Dein Vater ist ja auch nicht Gott!

Wir waren in Schweden! 65 Männer und Frauen, Jugendliche und Senioren aus Münster, Bocholt, Isselburg usw. hatten sich im Oktober auf den Weg gemacht, um als Pilger in ein Land zu kommen, das nicht gerade als Wallfahrtsland bekannt ist. Und dennoch: Einerseits haben wir die Grabstätten der Hl. Birgitta, des Hl. Olav und des großartigen Christen Dag Hammerskjöld besucht und an den Gräbern gebetet, andererseits hatten wir bei der täglichen Eucharistie-Feier versucht, dem Geheimnis des Pilgerns auf die Spur zu kommen; denn Pilger sind wir ein Leben lang, und mit dem Weggeleit Jesu Christi pilgert es sich gut.
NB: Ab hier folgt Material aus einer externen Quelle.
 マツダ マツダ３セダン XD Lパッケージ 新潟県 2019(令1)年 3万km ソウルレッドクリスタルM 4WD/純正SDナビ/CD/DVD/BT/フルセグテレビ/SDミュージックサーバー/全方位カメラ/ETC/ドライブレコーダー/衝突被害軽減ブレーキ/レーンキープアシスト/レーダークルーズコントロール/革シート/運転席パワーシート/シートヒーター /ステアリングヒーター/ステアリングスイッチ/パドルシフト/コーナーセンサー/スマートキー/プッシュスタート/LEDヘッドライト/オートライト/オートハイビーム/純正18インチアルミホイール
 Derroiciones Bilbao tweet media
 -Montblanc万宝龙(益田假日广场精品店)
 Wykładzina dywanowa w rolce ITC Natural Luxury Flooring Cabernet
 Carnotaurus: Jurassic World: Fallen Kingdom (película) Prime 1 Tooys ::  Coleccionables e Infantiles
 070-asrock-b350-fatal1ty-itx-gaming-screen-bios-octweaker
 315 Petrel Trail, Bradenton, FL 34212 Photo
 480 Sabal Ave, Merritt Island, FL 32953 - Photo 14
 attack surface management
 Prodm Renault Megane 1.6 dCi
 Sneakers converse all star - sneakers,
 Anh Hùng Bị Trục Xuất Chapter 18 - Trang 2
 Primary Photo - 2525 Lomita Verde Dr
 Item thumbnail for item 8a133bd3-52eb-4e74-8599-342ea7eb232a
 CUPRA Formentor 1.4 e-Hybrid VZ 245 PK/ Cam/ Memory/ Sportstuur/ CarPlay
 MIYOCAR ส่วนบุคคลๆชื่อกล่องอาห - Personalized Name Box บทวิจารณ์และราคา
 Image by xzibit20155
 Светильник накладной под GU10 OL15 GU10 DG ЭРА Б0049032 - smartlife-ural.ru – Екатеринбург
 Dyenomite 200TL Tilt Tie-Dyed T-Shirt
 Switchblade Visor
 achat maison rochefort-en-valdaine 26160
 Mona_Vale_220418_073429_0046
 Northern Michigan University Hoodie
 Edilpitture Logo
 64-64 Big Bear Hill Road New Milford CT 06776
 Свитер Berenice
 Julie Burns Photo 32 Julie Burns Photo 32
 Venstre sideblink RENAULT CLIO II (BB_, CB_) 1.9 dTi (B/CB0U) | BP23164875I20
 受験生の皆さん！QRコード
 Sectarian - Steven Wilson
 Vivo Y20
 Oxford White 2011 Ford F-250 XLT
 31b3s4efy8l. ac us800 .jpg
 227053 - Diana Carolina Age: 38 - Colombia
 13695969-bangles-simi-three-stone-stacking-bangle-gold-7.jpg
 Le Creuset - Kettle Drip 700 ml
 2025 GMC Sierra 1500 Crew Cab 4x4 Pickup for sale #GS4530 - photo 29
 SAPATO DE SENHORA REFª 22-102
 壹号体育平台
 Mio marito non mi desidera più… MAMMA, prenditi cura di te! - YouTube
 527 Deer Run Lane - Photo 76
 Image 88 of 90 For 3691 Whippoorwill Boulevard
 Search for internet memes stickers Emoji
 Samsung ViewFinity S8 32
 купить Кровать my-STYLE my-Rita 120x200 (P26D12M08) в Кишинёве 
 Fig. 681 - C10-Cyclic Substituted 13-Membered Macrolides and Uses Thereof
Danken möchte ich an dieser Stelle noch einmal unseren ganz hervorragenden beiden Busfahrern Robert und Sobi, auch den jugendlichen Messdienern und Musikern, dem jugendlichen Service-Team und allen Helferinnen und Helfern.

Beeindruckt haben uns die herrlichen Kathedralen von Skara, Örebro, Uppsala und Lund, aber auch die wunderbaren kleinen Kirchen in Husaby, Gamla Uppsala u.a. Besonders Husaby war für mich die Realisierung eines Traumes; ich werde im Dezember noch einmal auf die wunderbaren Ausmalungen von Husaby zurückkommen.

Unser Kirchenfenster im Nazarener-Stil des 19. Jahrhunderts befindet sich in der Kathedrale von Örebro, mitten in der Stadt. Etliche wunderbare Kirchenfenster illustrieren Geschichten aus der Hl. Schrift. Dieses Fenster, dessen Aufnahme ich unserem mitreisenden Christoph Reiberg verdanke, zeigt die Geschichte vom verlorenen Sohn, die man heute gern – zu recht! – die Geschichte vom barmherzigen Vater nennt. Denn auf den Vater kommt es in dieser Geschichte ein, er steht für Gott, und dies ist das wohl schönste und der Verkündigung Jesu angemessenste Gottesbild. Der Vater liebt seinen Sohn so sehr, dass er ihn schweren Herzens in die Fremde gehen lässt, ausgestattet mit seinem Erbe. Und er liebt den Sohn so sehr, dass er ihn sogar ohne jeden Vorwurf wieder aufnimmt und sogar ein Fest für ihn feiert, obwohl der Sohn dem Vater zweifellos Kummer bereitet hatte. Wer liebt, ist wirklich auch ohnmächtig, und so ist Gott wohl auch: Liebend steht er dem freien Willen der Menschen oft hilflos und ohnmächtig gegenüber. Aber so ist die Liebe. Sie leidet, statt zu strafen. So ist Gott. Besonders zeigt er seine Liebe im Freigeben und noch mehr im vorwurfslosen Wiederaufnehmen.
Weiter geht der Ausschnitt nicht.